Dewey juga menerapkan pragmatisme dalam pendidikan Amerika dengan mengembangkan teori problem solving yang mempunyai 5 langkah.
    Merasakan adanya masalah.
    Menganalisis masalah itu dan menyusun hipotesis-hipotesis yang mungkin.
    Mengumpulkan data untuk memperjelas masalah.
    Memilih dan menganalisis hipotesis.
    Menguji, mencoba, dan membuktikan hipotesis dengan melakukan eksperimen pengujian.

           Meskipun berbeda-beda penekanannya, tetapi ketiga pemikir utama Pragmatisme menganut garis yang sama, yakni kebenaran suatu ide harus dibuktikan dengan pengalaman. Demikianlah Pragmatisme menerangkan dan menggurui dunia, bahwa yang benar itu hanyalah yang mempengaruhi hidup manusia serta yang berguna dalam praktik dan dapat memenuhi kebutuhan manusia.


3.     Analisis Kritis atas Kekuatan dan Kelemahan Pragmatisme

3.1 Kekuatan Pragmatisme

    Kemunculan pragmatis sebagai aliran filsafat dalam kehidupan kontemporer, khususnya di Amerika Serikat, telah membawa kemajuan-kemajuan yang pesat bagi ilmu pengetahuan maupun teknologi.
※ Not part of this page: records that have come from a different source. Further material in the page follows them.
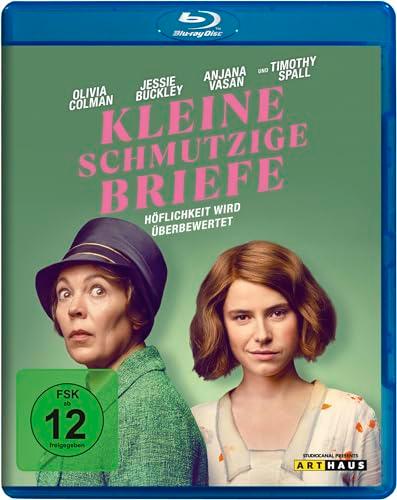 Kleine schmutzige Briefe [Blu-ray]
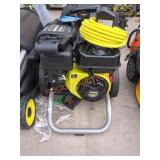 RYOBI 2900PSI 2.5GPM Gas Pressure Washer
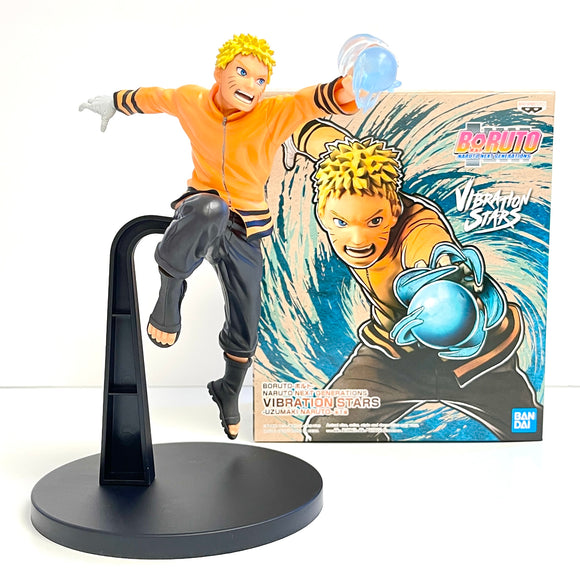 Banpresto Boruto: Naruto Next Generations Vibration Stars Naruto Figure BP17620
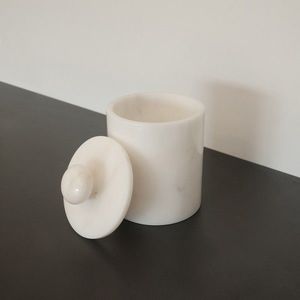 Cos de gunoi, L'essentiel Maison, MAR07200602D, Alb imagine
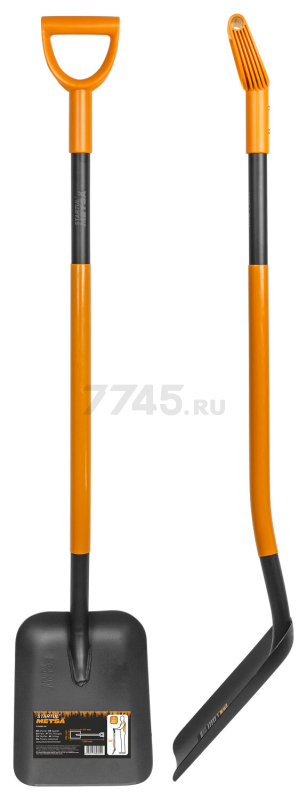 Лопата совковая STARTUL Metsa (ST6080-04) - Фото 5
Pragmatisme telah berhasil membumikan filsafat yang cenderung berfikir metafisis, idealis, abstrak, intelektualis, dan cenderung berfikir hal-hal yang memikirkan atas kenyataan, materialis, dan atas kebutuhan-kebutuhan dunia, bukan di akhirat. Dengan demikian, filsafat pragmatisme mengarahkan aktivitas manusia untuk hanya sekedar mempercayai pada hal yang sifatnya riil, dan hal yang manfaatnya bisa dinikmati secara praktis-pragmatis dalam kehidupan sehari-hari.

    Pragmatisme telah berhasil mendorong berfikir yang liberal, bebas dan selalu menyangsikan segala yang ada. Barangkali dengan sikap skeptis tersebut, pragmatisme telah mampu mendorong dan member semangat pada seseorang untuk berlomba-lomba membuktikan suatu konsep lewat penelitian-penelitian, pembuktian-pembuktian dan eksperimen-eksperimen sehingga muncullah temuan-temuan baru dalam dunia ilmu pengetahuan yang mempu mendorong secara dahsyat terhadap kemajuan di bidang sosial dan ekonomi.

    Sesuai dengan coraknya yang sekuler, pragmatisme tidak mudah percaya pada “kepercayaan yang mapan”. Suatu  kepercayaan yang diterima apabila terbukti kebenarannya lewat pembuktian yang praktis sehingga pragmatisme tidak mengakui adanya sesuatu yang sacral dan mitos. Dengan coraknya yang terbuka, kebanyakan kelompok pragmatis merupakan pendukung terciptanya demokratisasi, kebebasan manusia dan gerakan-gerakan progresif dalam masyarakat modern.

3.2. Kelemahan Pragmatisme
    Karena pragmatisme tidak mau mengakui sesuatu yang bersifat metafisika dan kebenaran absolute (kebenaran tunggal), hanya mengakui kebenaran apabila terbukti secara alamiah, dan percaya bahwa dunia ini mampu diciptakan oleh manusia sendiri. Secara tidak langsung, pragmatisme sudah mengingkari sesuatu yang transcendental (bahwa Tuhan jauh di luar alam semesta). Kemudian pada perkembangan lanjut, pragmatisme sangat mendewakan kemampuan akal dalam mencapai kebutuhan kehidupan, maka sikap-sikap semacam ini menjurus kepada Atheisme.

    Karena yang menjadi kebutuhan utama dalam filsafat prgamatisme adalah sesuatu yang nyata, praktis, dan langsung dinikmati hasilnya oleh manusia, maka pragmatisme menciptakan pola piker masyarakat yang matrealis. Manusia berusaha keras untuk memenuhi kebutuhan-kebutuhan yang bersifat ruhaniah. Maka dalam otak masyarakat pragmatisme telah di hinggapi oleh penyakit matrealisme.

    Untuk mencapai matrealismenya, manusia mengejarnya dengan berbagai cara, tanpa memperdulikan lagi dirinya merupakan anggota dari masyarakat sosialnya. Ia bekerja tanpa mengenal batas waktu sekedar memenuhi kebutuhan materinya. Maka dalam struktur masyarakatnya, manusia hidup semakin egois individualis.